Wrap Shot: In Cold Blood

Stark black-and-white photography by Conrad L. Hall, ASC added a grim sense of realism to this unsettling 1967 true-crime drama.

Stephen Pizzello

For the harrowing 1967 drama In Cold Blood, Conrad L. Hall, ASC re-teamed with director Richard Brooks, with whom he had successfully collaborated on the action-packed western adventure The Professionals (1966).

A triumph on every level, the film is a devastating dramatization of Truman Capote’s 1966 true-crime “nonfiction novel,” which details the slaughter of an upstanding Kansas family by a pair of unbalanced drifters — Perry Smith (played by Robert Blake) and Dick Hickock (Scott Wilson).

“We decided to shoot in black-and-white because we wanted to make it real; we were filming in the actual locations where the various incidents in the story had taken place, including the actual murder sites, and the use of black-and-white gave the film a heightened sense of truth without making things too lurid,” Hall explained.

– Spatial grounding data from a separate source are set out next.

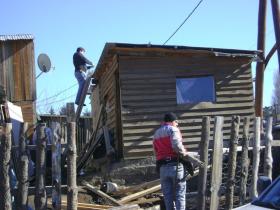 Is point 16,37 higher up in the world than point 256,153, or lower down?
higher up

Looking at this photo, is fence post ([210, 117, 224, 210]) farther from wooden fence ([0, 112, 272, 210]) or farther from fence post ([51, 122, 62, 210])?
fence post ([51, 122, 62, 210])

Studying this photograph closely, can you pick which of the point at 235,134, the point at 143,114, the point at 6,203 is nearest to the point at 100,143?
the point at 143,114

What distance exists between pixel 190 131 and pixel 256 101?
2.44 metres

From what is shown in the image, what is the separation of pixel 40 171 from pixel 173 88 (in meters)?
7.14

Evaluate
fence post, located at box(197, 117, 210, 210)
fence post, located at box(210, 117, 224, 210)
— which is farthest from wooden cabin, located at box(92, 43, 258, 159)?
fence post, located at box(197, 117, 210, 210)

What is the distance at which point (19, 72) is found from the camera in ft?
50.8

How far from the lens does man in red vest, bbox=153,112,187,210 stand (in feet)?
25.8

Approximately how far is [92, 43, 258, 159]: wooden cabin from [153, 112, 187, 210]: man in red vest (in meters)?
5.51

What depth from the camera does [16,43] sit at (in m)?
15.5

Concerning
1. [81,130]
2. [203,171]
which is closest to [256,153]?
[203,171]

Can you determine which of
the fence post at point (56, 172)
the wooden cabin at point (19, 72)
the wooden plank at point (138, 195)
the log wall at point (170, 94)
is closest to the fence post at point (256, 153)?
the wooden plank at point (138, 195)

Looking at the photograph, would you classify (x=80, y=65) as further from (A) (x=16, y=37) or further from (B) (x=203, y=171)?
(B) (x=203, y=171)

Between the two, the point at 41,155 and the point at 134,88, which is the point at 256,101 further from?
the point at 41,155

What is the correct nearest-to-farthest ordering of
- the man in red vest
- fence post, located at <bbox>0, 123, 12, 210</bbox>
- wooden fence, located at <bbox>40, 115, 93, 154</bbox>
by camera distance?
fence post, located at <bbox>0, 123, 12, 210</bbox>, the man in red vest, wooden fence, located at <bbox>40, 115, 93, 154</bbox> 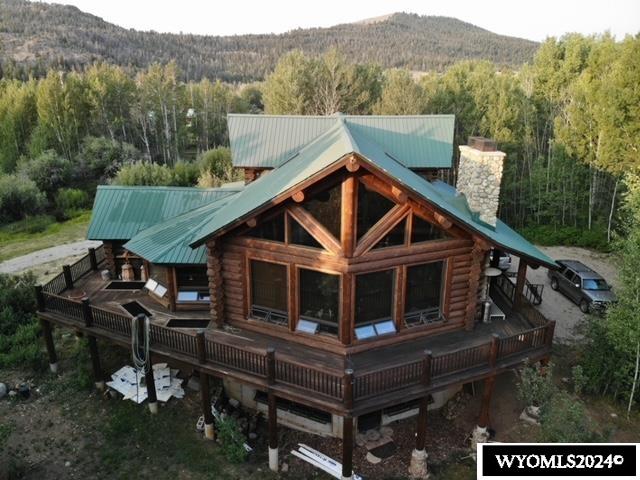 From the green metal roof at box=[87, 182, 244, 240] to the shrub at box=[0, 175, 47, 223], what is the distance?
2460 centimetres

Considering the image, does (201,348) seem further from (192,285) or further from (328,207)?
(328,207)

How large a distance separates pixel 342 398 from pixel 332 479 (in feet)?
8.39

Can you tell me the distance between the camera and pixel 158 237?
1532 cm

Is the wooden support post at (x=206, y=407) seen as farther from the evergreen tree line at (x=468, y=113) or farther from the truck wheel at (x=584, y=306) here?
the evergreen tree line at (x=468, y=113)

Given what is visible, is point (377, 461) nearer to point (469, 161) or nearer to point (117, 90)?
point (469, 161)

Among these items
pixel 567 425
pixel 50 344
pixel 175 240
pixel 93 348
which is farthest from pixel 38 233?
pixel 567 425

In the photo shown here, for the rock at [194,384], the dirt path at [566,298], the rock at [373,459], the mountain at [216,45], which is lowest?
the rock at [373,459]

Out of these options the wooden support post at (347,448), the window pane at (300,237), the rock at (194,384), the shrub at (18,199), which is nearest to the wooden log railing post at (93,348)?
the rock at (194,384)

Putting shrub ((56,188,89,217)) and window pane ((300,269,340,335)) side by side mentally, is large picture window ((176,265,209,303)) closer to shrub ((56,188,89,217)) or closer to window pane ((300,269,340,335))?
window pane ((300,269,340,335))

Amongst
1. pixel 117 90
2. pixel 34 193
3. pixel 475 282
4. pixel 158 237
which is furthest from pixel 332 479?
pixel 117 90

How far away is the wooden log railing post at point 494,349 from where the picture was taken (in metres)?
11.5

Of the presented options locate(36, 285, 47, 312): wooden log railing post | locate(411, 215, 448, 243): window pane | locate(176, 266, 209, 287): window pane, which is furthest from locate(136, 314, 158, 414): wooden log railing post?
locate(411, 215, 448, 243): window pane

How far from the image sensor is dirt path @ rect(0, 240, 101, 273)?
1031 inches

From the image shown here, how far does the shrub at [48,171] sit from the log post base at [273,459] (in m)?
39.4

In the photo below, (from left) camera assistant Bobby Thomas (seated on apple box), operator (and later ASC great) Jordan Cronenweth, Brooks and Hall line up a shot while on location in Kansas, where the actual murders took place:

Hall’s work on this film earned him his third Academy Award nomination and the undying admiration of cinematography buffs, who now view In Cold Blood as a nearly flawless achievement. The film offers a dramatic mixture of careful planning and on-the-spot inspiration.

Perhaps the most famous scene in the film presents a final speech by Smith, who confides his feelings to a prison chaplain just minutes before he is executed on a rainy night. Among the many “happy accidents” Hall exploited during his career, this sequence stands alone in its brilliance. As the unemotional murderer reminisces to the chaplain about his unhappy relationship with his father, the drizzling rain outside the cell’s window is reflected onto his face, forming a river of symbolic tears (seen at the top of this page).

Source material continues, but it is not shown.